As a movement as you have done it in Tumkur and some of us trying to replicate in our part of the world, I agree that an awareness movement has to be build in the community but at the same time, I would say, with my own experience working with the community ( and I have been working with this community for over 15 years), I found that we need to provide alternative. We should force the government to do things but at the same time should not wait for them only.

I am sorry but being a human rights activists, I find these news depressing but can not sit on that depression only. We have to shame the government, the authorities that they are lying. That their promises remain false. We can not victimise the victims. The state too has a responsibility and we can not exonerate it. The battle for the change is both the ways. At one level, with in the community and on the other side forcing the government to act.

Just a few days back the government of India say there are just one lakh seventy thousand people involved in scavenging, which is grossly under evaluated.

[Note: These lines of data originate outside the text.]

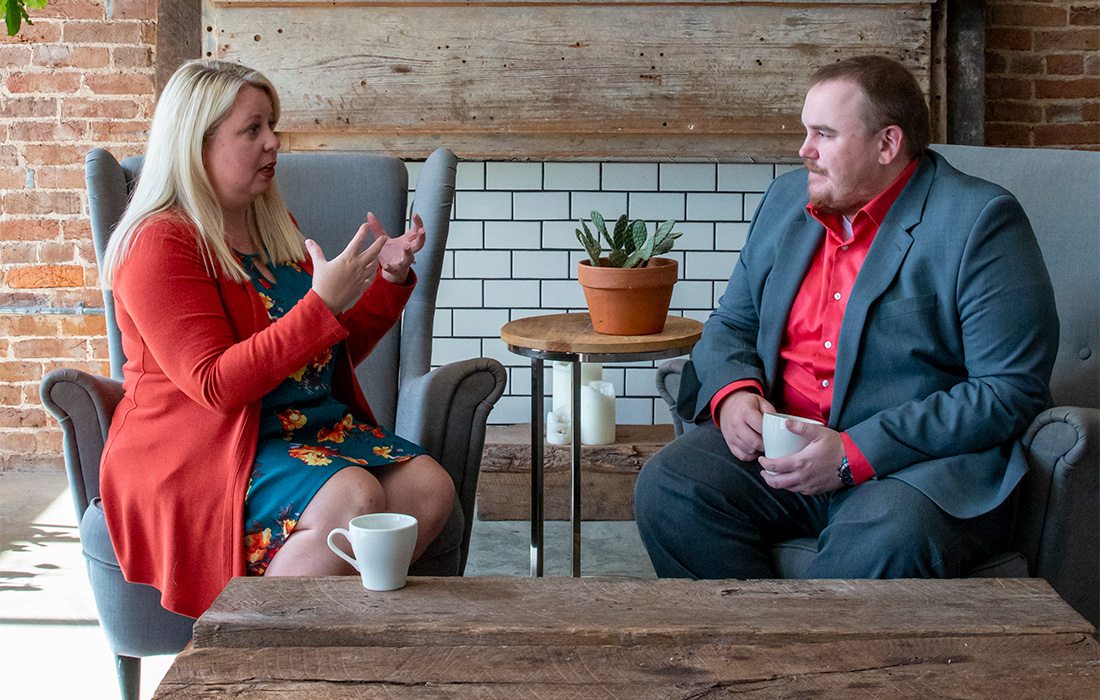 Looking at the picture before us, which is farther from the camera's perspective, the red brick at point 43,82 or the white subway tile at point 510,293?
the red brick at point 43,82

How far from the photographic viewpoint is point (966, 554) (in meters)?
1.86

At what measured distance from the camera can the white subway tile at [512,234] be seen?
3.67 m

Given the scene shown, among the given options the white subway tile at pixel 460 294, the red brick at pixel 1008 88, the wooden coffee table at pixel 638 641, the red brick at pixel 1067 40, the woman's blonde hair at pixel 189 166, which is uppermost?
the red brick at pixel 1067 40

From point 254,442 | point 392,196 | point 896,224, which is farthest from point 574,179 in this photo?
point 254,442

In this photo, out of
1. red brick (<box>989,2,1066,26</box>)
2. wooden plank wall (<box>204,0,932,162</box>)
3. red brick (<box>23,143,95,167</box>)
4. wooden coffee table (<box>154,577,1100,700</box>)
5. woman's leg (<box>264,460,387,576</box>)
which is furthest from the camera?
red brick (<box>23,143,95,167</box>)

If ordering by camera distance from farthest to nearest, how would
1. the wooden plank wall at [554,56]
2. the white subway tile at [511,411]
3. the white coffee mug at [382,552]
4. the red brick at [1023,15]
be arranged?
the white subway tile at [511,411]
the red brick at [1023,15]
the wooden plank wall at [554,56]
the white coffee mug at [382,552]

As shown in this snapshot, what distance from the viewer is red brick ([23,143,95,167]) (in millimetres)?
3869

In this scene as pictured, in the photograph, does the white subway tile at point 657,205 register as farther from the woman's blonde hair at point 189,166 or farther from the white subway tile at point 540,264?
the woman's blonde hair at point 189,166

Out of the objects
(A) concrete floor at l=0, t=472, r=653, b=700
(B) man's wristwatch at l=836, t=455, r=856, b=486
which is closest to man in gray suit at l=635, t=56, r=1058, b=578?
(B) man's wristwatch at l=836, t=455, r=856, b=486

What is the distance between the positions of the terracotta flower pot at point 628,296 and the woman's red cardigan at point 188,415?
2.24 feet

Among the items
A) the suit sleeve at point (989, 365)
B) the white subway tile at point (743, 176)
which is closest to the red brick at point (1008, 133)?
the white subway tile at point (743, 176)

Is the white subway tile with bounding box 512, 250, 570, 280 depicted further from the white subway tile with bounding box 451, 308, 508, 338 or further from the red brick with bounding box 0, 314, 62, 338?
the red brick with bounding box 0, 314, 62, 338

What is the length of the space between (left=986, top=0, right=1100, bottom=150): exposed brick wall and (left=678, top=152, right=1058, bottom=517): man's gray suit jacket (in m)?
1.75

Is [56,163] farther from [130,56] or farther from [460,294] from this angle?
[460,294] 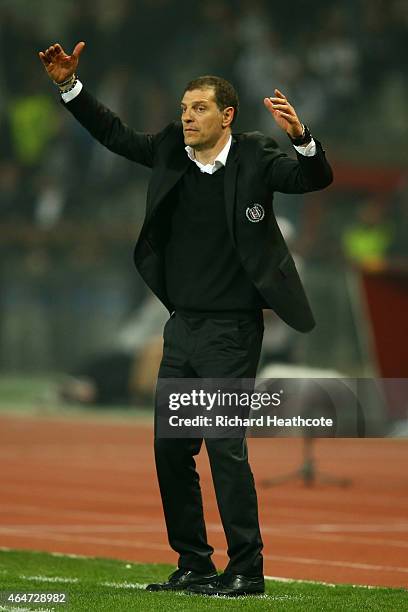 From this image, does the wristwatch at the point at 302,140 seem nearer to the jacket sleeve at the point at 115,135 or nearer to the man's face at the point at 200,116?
the man's face at the point at 200,116

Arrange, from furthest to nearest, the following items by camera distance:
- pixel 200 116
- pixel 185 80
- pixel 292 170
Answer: pixel 185 80
pixel 200 116
pixel 292 170

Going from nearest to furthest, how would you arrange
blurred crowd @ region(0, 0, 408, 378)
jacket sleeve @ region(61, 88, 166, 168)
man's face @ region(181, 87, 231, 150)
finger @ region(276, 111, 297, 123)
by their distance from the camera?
finger @ region(276, 111, 297, 123), man's face @ region(181, 87, 231, 150), jacket sleeve @ region(61, 88, 166, 168), blurred crowd @ region(0, 0, 408, 378)

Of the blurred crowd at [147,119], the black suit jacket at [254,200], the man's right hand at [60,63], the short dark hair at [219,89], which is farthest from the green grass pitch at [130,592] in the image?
the blurred crowd at [147,119]

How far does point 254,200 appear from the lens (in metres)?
6.09

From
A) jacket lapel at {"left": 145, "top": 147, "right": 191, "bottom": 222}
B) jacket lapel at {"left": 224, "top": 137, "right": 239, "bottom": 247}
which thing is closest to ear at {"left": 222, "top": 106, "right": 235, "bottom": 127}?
jacket lapel at {"left": 224, "top": 137, "right": 239, "bottom": 247}

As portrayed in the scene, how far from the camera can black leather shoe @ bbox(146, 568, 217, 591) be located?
20.6 feet

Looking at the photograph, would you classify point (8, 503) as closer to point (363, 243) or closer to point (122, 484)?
point (122, 484)

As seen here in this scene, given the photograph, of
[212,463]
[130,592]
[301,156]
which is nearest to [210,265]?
[301,156]

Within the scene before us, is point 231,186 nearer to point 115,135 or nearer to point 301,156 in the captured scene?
point 301,156

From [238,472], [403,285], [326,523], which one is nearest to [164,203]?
[238,472]

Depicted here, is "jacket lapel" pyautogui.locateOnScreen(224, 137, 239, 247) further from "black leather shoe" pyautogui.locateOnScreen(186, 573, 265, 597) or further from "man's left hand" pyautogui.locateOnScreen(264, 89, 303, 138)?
"black leather shoe" pyautogui.locateOnScreen(186, 573, 265, 597)

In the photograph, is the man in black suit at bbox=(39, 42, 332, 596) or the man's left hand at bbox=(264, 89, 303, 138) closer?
the man's left hand at bbox=(264, 89, 303, 138)

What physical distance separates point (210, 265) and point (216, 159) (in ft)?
1.42

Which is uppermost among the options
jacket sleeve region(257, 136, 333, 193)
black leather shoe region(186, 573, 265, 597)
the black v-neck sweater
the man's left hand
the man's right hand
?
the man's right hand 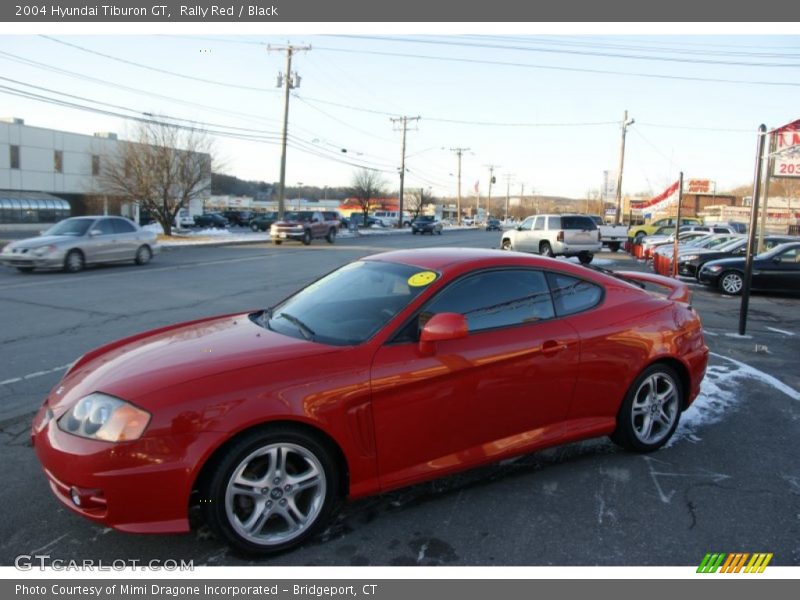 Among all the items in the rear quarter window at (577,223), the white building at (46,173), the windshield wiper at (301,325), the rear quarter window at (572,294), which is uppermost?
the white building at (46,173)

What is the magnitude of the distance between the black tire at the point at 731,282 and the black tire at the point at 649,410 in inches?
455

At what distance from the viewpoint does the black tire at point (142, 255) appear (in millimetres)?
17922

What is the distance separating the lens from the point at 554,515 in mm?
3482

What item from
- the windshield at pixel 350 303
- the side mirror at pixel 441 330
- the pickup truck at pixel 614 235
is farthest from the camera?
the pickup truck at pixel 614 235

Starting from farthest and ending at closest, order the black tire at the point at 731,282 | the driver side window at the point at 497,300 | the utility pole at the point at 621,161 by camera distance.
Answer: the utility pole at the point at 621,161 → the black tire at the point at 731,282 → the driver side window at the point at 497,300

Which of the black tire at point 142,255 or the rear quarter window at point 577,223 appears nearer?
the black tire at point 142,255

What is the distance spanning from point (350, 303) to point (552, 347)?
4.38ft

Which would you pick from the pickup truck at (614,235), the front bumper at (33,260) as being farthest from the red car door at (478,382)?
the pickup truck at (614,235)

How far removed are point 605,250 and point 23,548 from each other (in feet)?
112

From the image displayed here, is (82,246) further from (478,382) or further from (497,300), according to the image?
(478,382)

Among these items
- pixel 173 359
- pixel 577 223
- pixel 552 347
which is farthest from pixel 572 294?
pixel 577 223

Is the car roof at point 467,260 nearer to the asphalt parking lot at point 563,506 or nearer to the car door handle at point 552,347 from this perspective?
the car door handle at point 552,347

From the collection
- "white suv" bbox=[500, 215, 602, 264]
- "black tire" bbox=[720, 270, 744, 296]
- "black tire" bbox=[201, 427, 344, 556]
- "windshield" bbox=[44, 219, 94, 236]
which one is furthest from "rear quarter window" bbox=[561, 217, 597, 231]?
"black tire" bbox=[201, 427, 344, 556]

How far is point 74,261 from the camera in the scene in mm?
15891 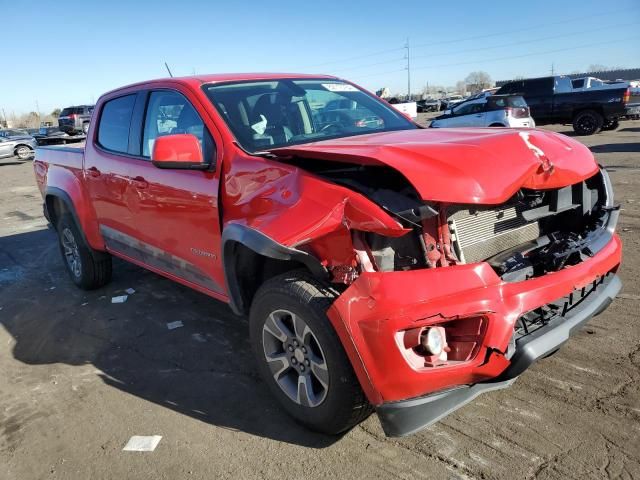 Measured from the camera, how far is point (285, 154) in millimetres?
2801

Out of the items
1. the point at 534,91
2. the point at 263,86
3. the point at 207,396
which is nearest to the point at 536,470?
the point at 207,396

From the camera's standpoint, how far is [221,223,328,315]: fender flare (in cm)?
248

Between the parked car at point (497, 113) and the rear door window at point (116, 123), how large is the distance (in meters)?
11.1

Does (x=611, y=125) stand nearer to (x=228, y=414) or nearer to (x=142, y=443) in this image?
(x=228, y=414)

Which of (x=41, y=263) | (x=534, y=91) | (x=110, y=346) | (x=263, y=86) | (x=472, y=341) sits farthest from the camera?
(x=534, y=91)

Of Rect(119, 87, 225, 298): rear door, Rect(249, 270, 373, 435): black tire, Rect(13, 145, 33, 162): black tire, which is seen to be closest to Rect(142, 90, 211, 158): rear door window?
Rect(119, 87, 225, 298): rear door

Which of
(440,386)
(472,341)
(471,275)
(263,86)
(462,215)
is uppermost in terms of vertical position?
(263,86)

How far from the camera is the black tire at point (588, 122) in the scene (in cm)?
1630

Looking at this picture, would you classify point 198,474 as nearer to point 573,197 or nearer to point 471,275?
point 471,275

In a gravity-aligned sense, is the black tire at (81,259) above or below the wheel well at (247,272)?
below

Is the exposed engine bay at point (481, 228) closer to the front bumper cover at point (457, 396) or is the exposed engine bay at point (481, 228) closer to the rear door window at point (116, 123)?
the front bumper cover at point (457, 396)

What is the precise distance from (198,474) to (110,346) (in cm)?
190

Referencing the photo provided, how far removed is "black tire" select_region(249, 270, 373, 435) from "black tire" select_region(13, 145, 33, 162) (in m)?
23.7

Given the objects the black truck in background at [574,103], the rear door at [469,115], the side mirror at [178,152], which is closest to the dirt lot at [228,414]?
the side mirror at [178,152] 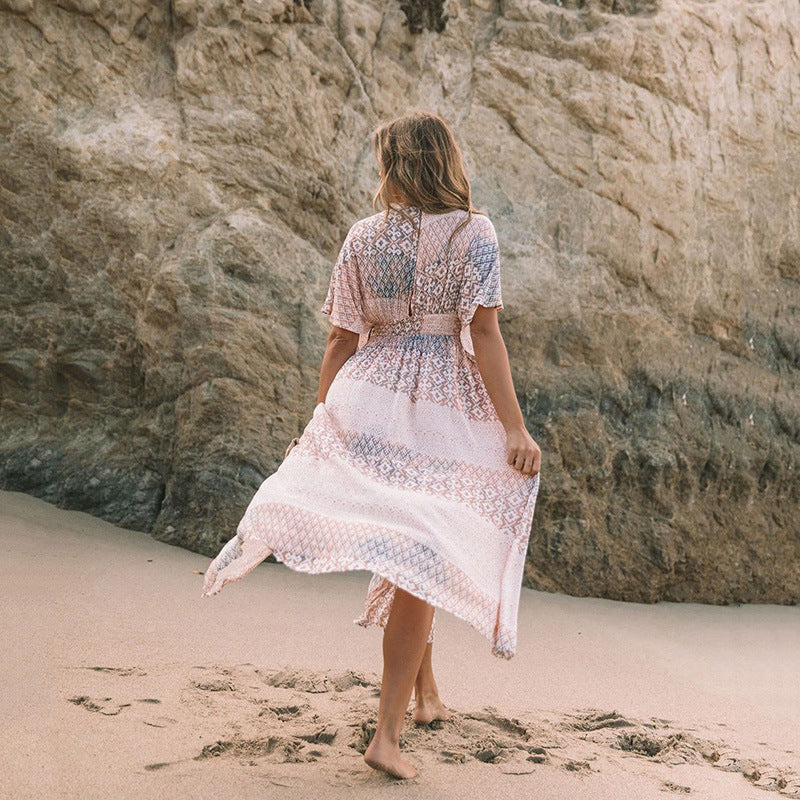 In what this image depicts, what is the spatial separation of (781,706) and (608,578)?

We have got information from various municipalities that they have finished it yet I have recently found that children too are involved in it.

While raising the issue of their violation of rights, we are trying to do our best to provide alternatives like computer education, libraries at the local level. My film ' Badlav Ki Chah' is an example from the community in Ghazipur where the young have revolted and today are completely liberated. We want Badlav ki chah' every where and it is our combined duty not to fear from stories of depression but to fight them out. It is not their fault if they are in the profession imposed by vicious brahmanical order, it is the reality of Indian society. It need to be exposed daily but definitely we must work on the models like Tumkurs.. it is battle which has to be fought at different level.. an awareness in the community and exposing the sinister brahmanical disorder.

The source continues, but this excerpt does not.